En équipe de France, leurs trajectoires se sont croisées. Pierre Albaladejo finissait, André Herrero commençait. Néanmoins, ces deux-là eurent le temps d’accomplir ce chef-d’œuvre que fut la victoire sur les Springboks (8-6), le samedi 25 juillet 1964, à Springs, plongeant l’Afrique du Sud dans la honte et le désespoir au point que plus jamais on ne rejoua au rugby sur le Pam Brink Stadium. « Bala » et « le Grand » furent-ils jamais meilleurs que ce jour-là ? Pas sûr. Il y a cette phrase d’Herrero : « Il faut essayer de respirer le plus haut possible. » Deux hommes si différents et si semblables. Un Dacquois au maillot rouge, celui du sang des taureaux de combat, parti du pauvre quartier du Sablar, qui, à douze ans, rossait au jeu de dames les bourgeois de la ville ; « Bala », tout d’élégance et de courtoisie, d’une grande douceur en amitié, lui qui, d’un drop-goal, gagnait les matches avec la froideur d’une dague. Un Toulonnais au maillot rouge, couleur des grandes luttes ouvrières. Si Bala devint typographe à quatorze ans, André Herrero, littéralement « le forgeron », fut dans ce port de guerre ouvrier de l’arsenal, accéda au rang de charpentier de marine et vécut de grandes fièvres le poing levé, sur le terrain et en dehors. Pierre Albaladejo fut un virtuose du jeu au pied (le droit plus précis, le gauche plus puissant), au point d’être surnommé « Mister Drop » par un journaliste de langue anglaise incapable de prononcer son nom. Plus tard, restaurateur établi (comme Herrero), il devint le premier consultant sportif de l’audiovisuel et commenta 640 matches pour la télévision. André Herrero fut un guide, un autodidacte passionné par le progrès, un regard bleu acier qui faisait resurgir chez l’adversaire des peurs ancestrales et oubliées, une course rectiligne, un décathlonien du jeu, un chef qui récitait le Chant des partisans pour se mettre en condition. Tous deux renoncèrent d’eux-mêmes au maillot bleu. Aucun ne fut champion de France. Pourtant, on se souviendra toujours de la finale de 1971, quand une godasse biterroise coupa en deux André Herrero, une ignominie. Il fallut l’évacuer. Daniel, son frère, pleurait, alors « le Grand », visage dévoré par la douleur, revint sur le terrain. Roseline, sa femme, dit simplement : « J’ai toujours pensé que mon mari était indestructible. » Pierre Albaladejo et André Herrero ont vécu du rugby le temps de l’épopée.

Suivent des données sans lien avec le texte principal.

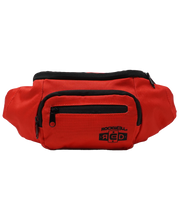 Load image into Gallery viewer, Fanny Pack (R.E.D. Edition)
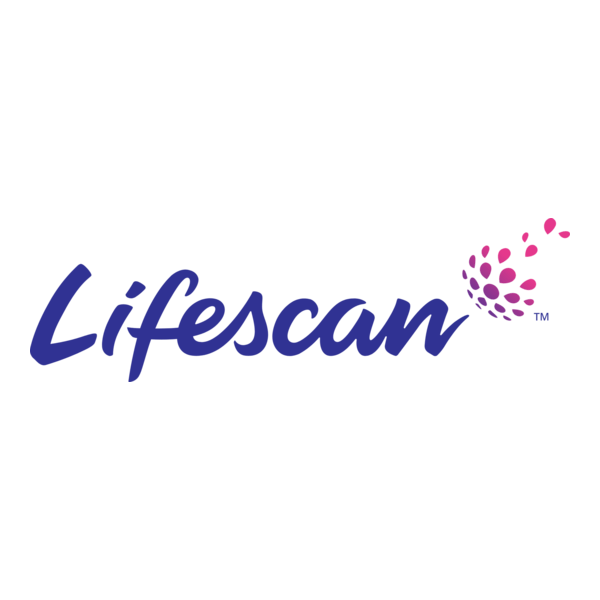 Lifescan Logo PNG Vector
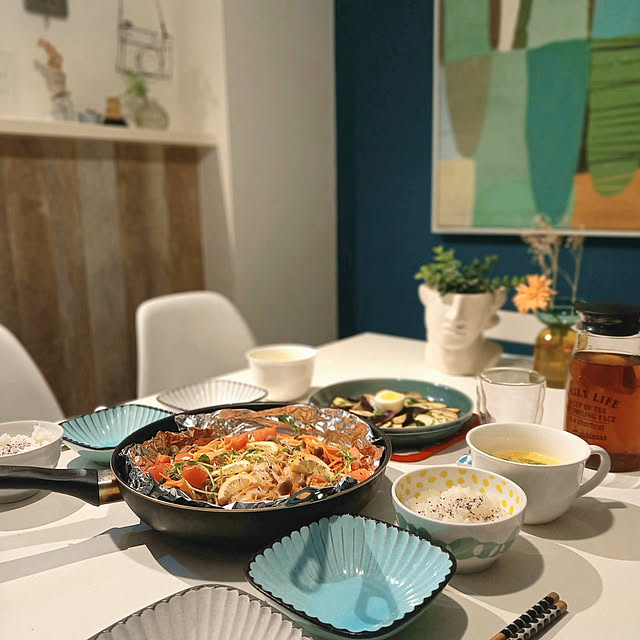 cafe0415hさんの実例写真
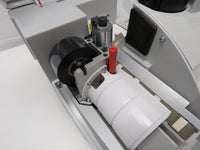 Thermo PrintMate AS 150 Cassette Printer - Histology Lab - Only 24k prints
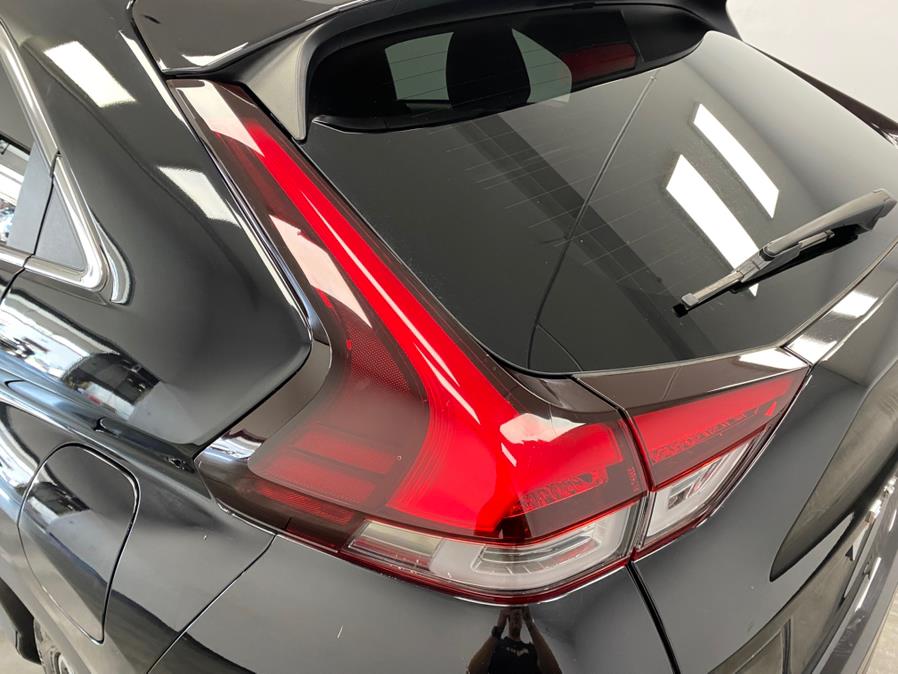 2022 Mitsubishi Eclipse Cross SE S-AWC, available for sale in Linden, New Jersey | East Coast Auto Group. Linden, New Jersey 2022 Mitsubishi Eclipse Cross SE S-AWC, available for sale in Linden, New Jersey | East Coast Auto Group. Linden, New Jersey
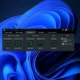 Aktivatsiya Fast Screen Recorder 2.1.0.11 Portable By 7997.webp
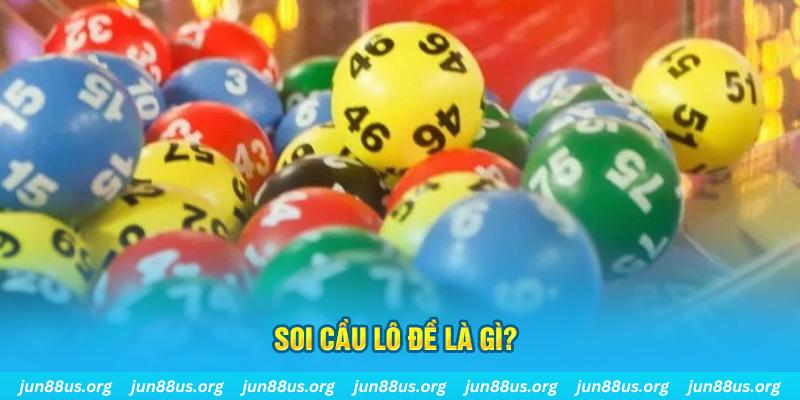luck8882 tai game danh bai mien phi ve may tinh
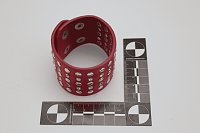 Alles geklaut - Eigentümer gesucht Bild: Alles geklaut - Eigentümer gesucht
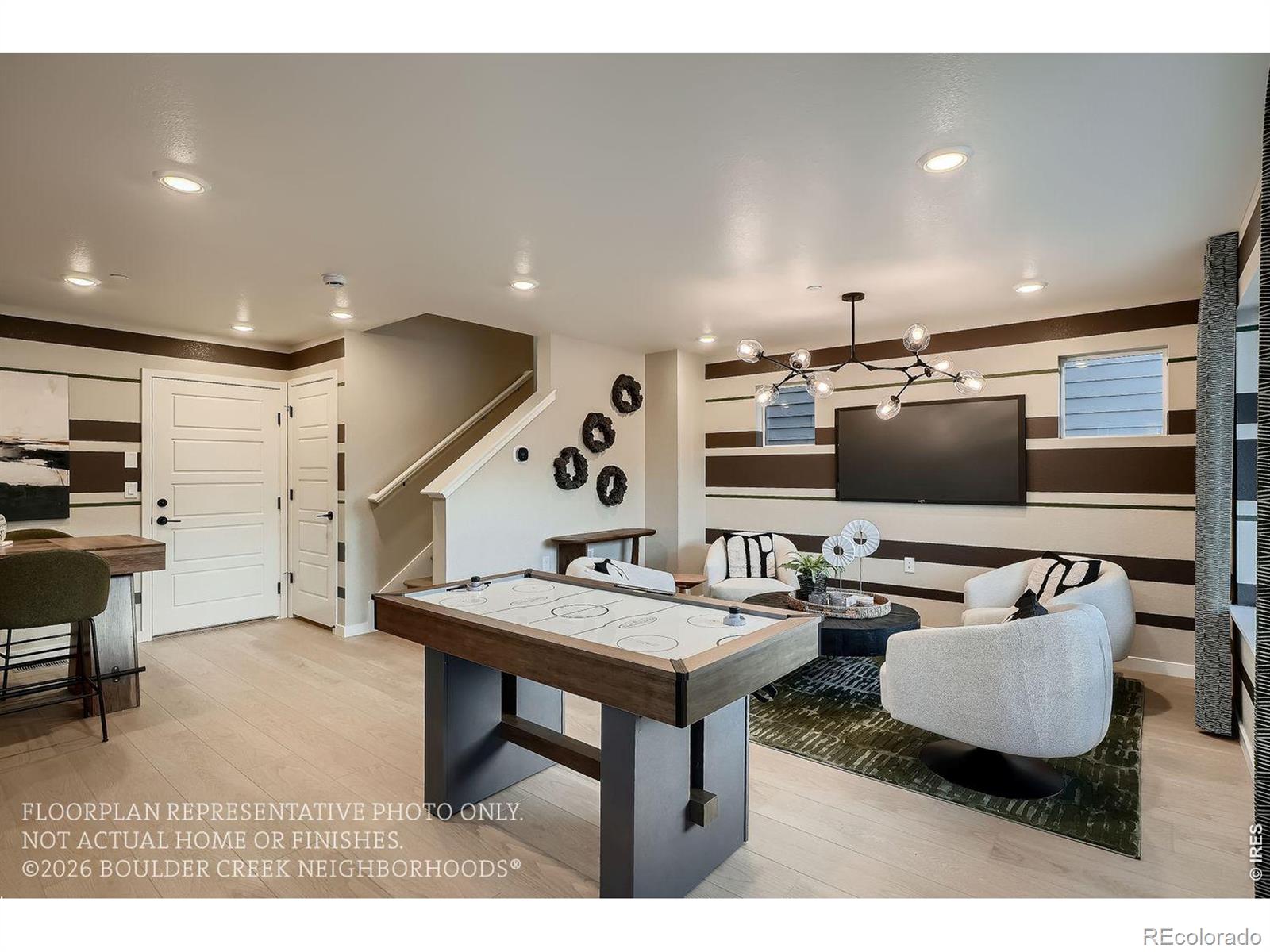 16567 Peak Street Broomfield CO 80023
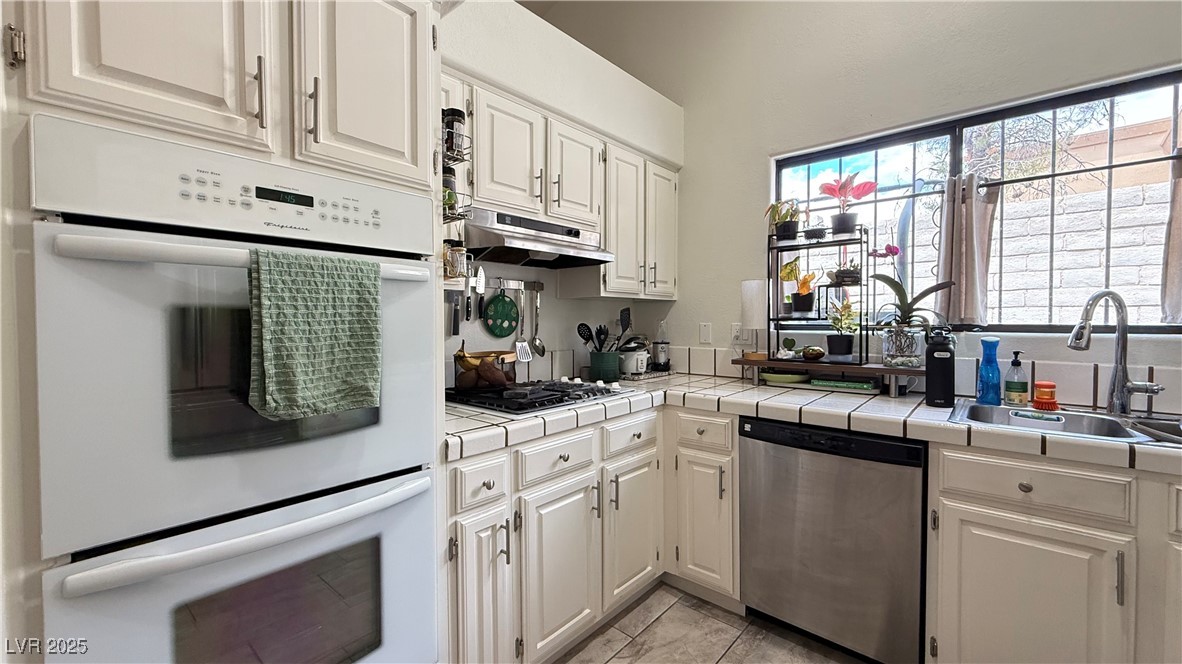 2701 Brookstone Court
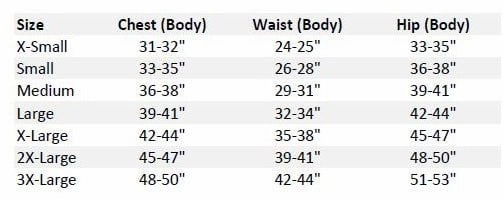 Stretch Comfort Elastic Binding Cripple Creek Womens Open Front Blanket Wrap Scotch Blue 100% Polyester Vest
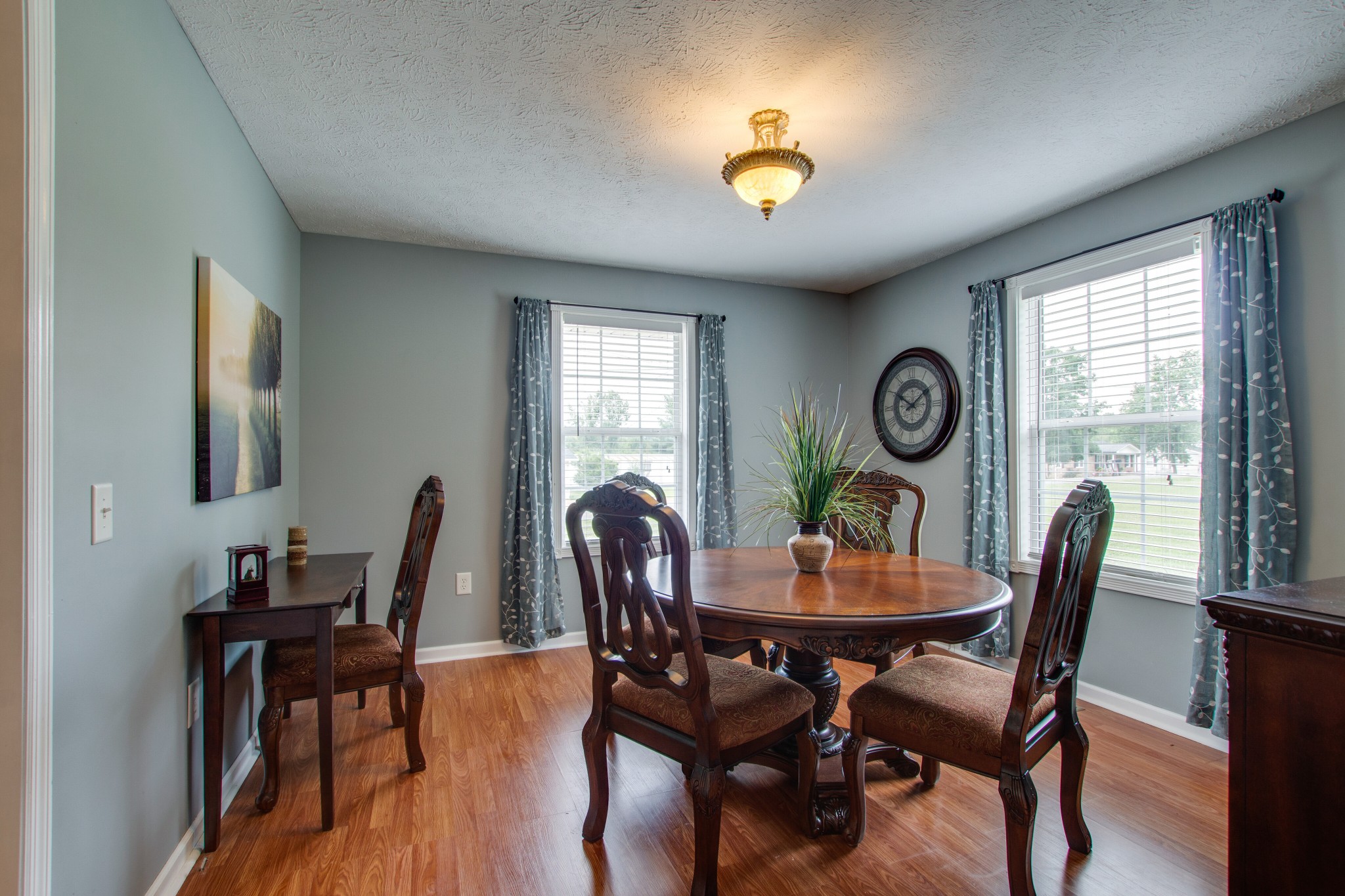 442 Old Liberty Road Alexandria, TN 37012 - Photo 13 of 27 Gallery Image 13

Pierre Albaladejo : C’est drôle qu’on soit aujourd’hui ensemble. Mon premier match en première, à 19 ans, c’était contre Toulon. On était dans la même poule, cette saison-là (1953-1954). Je sors des vestiaires et je tombe sur un dirigeant dacquois, qui jouait arrière comme moi à mes débuts, mais en 1930. Il me dit : « Petit, un conseil : place-toi face à l’adversaire et crache en l’air. Si ça te revient dans la gueule, fais gaffe, c’est que tu as le vent contre ! » J’attendais qu’il me rassure, mais non, il s’en va… Et je vois arriver tous vos monstres… Les vieux me disaient toujours : « Petit, c’est quand tu auras joué à Toulon que tu pourras dire que tu es un joueur de rugby ! »
André Herrero : Je me rappelle d’une venue de « Bala » à Toulon. Il tente une pénalité. Et, là, il y a un supporter qui lui balance sa chaussure dessus. « Bala » tape sa pénalité puis ramasse la godasse, traverse tout le terrain pour la jeter dans la tribune opposée….
Albaladejo : Je me disais : « Le con, comment il va expliquer à sa femme qu’il rentre qu’avec une seule chaussure ! »
Après cela, vous vous êtes affrontés quelques fois. Il y eut notamment un mémorable seizième de finale, en avril 1965, à Colombes…
Albaladejo : Quatorze joueurs de chaque équipe se battaient. Moi, j’attendais au centre du terrain avec Bernard Labouré, l’arrière de Toulon. L’arbitre arrive. « Alors, docteur – l’arbitre était médecin –, on fait quoi maintenant ? » Il me répond : « On va faire une mêlée ! » Avec Labouré, on est partis d’un éclat de rire. Et, bien évidemment, c’est reparti de plus belle…
André, après votre victoire (11-9), vous n’auriez pas poursuivi un Dacquois dans les tribunes à la fin de ce match ?
Herrero : Pas dans les tribunes, dans les vestiaires. Un troisième-ligne… C’était Pierre Darbos ! Il m’avait manqué de respect. Je l’avais donc prévenu : « On se voit à la fin du match pour en discuter. » Au coup de sifflet final, il est parti en courant dans le tunnel. Je l’ai suivi…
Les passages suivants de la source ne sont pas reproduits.